[Stored data]
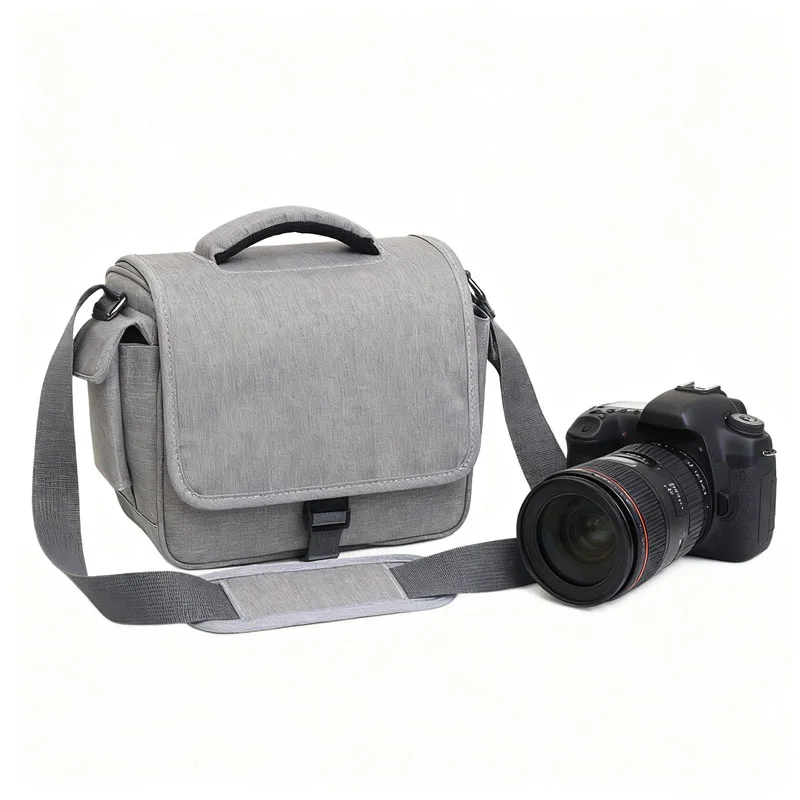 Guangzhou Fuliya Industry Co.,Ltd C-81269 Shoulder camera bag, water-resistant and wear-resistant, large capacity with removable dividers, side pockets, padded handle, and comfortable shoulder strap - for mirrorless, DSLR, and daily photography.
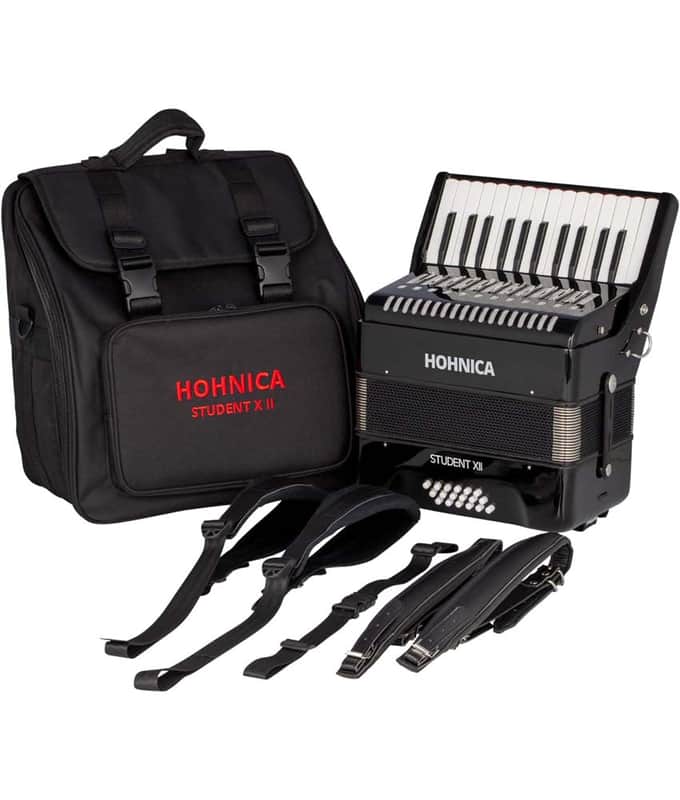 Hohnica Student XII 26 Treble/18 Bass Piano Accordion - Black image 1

* * *

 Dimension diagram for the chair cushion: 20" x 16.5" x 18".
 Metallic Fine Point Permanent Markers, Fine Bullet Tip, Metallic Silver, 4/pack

==

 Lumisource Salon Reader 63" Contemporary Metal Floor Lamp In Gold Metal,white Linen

[Work to complete] In the listing above, find the line with "Dimension diagram for" and the line with "Metallic Fine Point", then reproduce both and every line between them exactly.

[Answer to the exercise]
 Dimension diagram for the chair cushion: 20" x 16.5" x 18".
 Metallic Fine Point Permanent Markers, Fine Bullet Tip, Metallic Silver, 4/pack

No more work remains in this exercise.